Depuis le 1er octobre 2025, prévenir les risques psychosociaux n’est plus une bonne intention de gestion : c’est une obligation légale pour toutes les organisations québécoises. Voici les repères vérifiés à la source, et la question que la conformité documentaire, seule, ne règle pas.

Un dirigeant peut piloter une organisation solide, rentable et pleine de talent, et passer à côté du risque qui coûte aujourd’hui le plus cher en absence, en roulement et en réputation : le risque psychosocial. La Loi 27 au Québec a fait de ce risque une obligation formelle de prévention, au même titre que les dangers physiques, chimiques ou ergonomiques. Ce qui relevait hier de la culture d’entreprise relève désormais du cadre légal.

Cet article résume, avec les sources officielles, ce que la Loi 27 change concrètement pour un employeur : les obligations, les seuils d’effectifs, les échéances, et les sanctions. Il aborde ensuite un angle que la plupart des contenus de conformité évitent : documenter un risque n’est pas la même chose que le corriger à la source.

À noter : ce texte a une visée informative. Il ne remplace pas un avis juridique adapté à votre situation. Pour l’interprétation d’une obligation précise, consultez un conseiller juridique ou directement la CNESST.

Loi 27 : de quoi parle-t-on exactement ?

Une loi sanctionnée en 2021, un régime permanent depuis 2025

La « Loi 27 » désigne la Loi modernisant le régime de santé et de sécurité du travail (LMRSST), sanctionnée en octobre 2021. C’est la plus importante réforme du régime québécois de santé et sécurité du travail depuis 1979. Son déploiement a été échelonné : un régime intérimaire s’est appliqué à partir du 6 avril 2022, puis le régime permanent a pris le relais.

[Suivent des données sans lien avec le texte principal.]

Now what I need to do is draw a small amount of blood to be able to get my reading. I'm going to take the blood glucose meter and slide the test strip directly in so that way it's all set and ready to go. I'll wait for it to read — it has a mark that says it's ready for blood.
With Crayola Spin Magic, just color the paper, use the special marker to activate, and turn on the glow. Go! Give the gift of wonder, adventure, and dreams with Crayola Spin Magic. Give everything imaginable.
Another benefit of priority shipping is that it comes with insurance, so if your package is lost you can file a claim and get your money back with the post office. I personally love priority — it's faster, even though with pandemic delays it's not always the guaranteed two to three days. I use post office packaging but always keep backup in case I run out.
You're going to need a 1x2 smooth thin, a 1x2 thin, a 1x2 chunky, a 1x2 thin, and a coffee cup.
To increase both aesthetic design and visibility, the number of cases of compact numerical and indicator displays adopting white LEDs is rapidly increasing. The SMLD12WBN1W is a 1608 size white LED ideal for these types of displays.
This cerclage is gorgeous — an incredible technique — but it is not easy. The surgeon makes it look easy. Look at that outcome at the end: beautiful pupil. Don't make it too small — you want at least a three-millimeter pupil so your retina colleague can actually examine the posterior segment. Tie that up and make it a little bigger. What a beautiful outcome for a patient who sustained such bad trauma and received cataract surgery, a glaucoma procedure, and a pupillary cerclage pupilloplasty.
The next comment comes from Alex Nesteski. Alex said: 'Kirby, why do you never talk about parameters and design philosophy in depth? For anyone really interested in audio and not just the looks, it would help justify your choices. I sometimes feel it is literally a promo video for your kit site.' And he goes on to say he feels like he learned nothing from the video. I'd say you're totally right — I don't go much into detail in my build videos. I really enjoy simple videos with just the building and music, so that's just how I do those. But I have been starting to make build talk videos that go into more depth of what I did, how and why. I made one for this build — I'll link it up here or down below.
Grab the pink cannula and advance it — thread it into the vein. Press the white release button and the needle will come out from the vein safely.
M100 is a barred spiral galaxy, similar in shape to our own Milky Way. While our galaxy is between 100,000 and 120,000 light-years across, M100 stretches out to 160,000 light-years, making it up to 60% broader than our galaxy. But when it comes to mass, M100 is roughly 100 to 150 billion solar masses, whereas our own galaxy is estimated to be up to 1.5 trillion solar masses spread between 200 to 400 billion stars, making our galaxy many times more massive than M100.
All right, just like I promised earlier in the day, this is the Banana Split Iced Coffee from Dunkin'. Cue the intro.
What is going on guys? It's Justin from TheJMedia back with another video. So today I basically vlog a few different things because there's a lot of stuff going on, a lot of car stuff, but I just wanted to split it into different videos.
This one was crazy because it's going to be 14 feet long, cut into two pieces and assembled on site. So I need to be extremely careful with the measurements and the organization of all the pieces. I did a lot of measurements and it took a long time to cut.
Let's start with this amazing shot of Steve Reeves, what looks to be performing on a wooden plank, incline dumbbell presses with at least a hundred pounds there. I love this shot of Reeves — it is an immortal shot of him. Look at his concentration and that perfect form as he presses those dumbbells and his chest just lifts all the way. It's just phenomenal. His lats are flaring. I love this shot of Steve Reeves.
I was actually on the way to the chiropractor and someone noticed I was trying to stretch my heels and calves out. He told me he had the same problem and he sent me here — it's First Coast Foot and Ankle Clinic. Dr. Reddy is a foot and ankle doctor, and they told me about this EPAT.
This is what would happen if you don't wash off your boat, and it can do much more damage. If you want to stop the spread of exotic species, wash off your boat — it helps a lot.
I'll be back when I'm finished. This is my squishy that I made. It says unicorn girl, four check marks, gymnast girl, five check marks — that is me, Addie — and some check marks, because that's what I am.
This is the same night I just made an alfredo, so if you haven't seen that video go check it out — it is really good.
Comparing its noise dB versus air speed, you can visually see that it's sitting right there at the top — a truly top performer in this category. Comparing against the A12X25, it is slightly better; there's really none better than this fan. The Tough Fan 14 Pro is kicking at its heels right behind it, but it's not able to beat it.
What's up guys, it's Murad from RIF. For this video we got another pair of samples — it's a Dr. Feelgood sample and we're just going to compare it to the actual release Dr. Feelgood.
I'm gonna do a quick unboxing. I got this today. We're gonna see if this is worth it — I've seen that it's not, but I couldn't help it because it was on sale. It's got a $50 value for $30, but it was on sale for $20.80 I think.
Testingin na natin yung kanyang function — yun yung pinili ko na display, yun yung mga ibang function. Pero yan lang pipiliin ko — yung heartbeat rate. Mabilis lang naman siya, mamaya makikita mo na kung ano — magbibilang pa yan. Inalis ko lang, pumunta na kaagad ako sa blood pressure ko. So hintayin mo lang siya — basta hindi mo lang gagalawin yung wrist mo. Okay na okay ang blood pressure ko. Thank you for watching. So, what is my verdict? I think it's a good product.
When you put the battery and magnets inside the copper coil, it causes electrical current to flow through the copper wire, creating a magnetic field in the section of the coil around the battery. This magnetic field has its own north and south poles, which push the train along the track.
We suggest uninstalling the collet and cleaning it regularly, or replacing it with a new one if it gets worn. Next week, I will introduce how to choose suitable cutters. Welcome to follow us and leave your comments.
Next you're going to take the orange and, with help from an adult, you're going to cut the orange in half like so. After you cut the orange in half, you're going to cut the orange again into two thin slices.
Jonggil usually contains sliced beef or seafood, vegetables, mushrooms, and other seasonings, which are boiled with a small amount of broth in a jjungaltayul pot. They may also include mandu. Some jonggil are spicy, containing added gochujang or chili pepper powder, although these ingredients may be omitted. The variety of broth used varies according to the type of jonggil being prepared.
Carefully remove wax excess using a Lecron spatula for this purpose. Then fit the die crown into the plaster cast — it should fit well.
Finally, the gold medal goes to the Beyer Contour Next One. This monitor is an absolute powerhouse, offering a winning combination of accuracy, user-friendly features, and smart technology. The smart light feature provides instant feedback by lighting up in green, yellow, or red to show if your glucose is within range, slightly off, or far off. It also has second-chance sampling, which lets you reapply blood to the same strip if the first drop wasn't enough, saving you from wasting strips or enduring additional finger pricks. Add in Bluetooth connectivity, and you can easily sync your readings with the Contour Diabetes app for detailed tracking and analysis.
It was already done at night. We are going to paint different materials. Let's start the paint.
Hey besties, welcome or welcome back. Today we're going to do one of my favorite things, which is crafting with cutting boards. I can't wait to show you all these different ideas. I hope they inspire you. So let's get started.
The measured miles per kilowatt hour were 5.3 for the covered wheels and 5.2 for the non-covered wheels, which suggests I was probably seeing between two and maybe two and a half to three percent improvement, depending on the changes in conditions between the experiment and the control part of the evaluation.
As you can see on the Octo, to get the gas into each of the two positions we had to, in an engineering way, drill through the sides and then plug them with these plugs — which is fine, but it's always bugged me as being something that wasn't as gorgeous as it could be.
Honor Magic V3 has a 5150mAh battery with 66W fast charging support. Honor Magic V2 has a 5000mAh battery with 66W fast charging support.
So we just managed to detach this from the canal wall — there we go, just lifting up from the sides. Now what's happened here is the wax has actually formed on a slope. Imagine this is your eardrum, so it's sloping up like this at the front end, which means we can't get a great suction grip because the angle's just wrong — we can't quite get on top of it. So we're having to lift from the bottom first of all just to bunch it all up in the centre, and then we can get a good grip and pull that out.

L’étape décisive pour les employeurs est l’entrée en vigueur du Règlement sur les mécanismes de prévention et de participation en établissement, fixée au 1er octobre 2025 par décret gouvernemental, selon le communiqué officiel de la CNESST. C’est ce règlement qui rend explicite et opposable l’obligation d’intégrer les risques psychosociaux à la démarche de prévention. Depuis l’automne 2025, aucune organisation québécoise, quel que soit son secteur, n’est exemptée de cette obligation.

Ce que dit l’article 51 de la LSST

Le socle juridique se trouve à l’article 51 de la Loi sur la santé et la sécurité du travail (LSST). L’employeur doit prendre les mesures nécessaires pour protéger la santé et assurer la sécurité et l’intégrité physique et psychique du travailleur. Le mot « psychique » n’est pas décoratif : il fonde l’obligation de tenir compte des contraintes psychosociales dans l’identification et le contrôle des dangers.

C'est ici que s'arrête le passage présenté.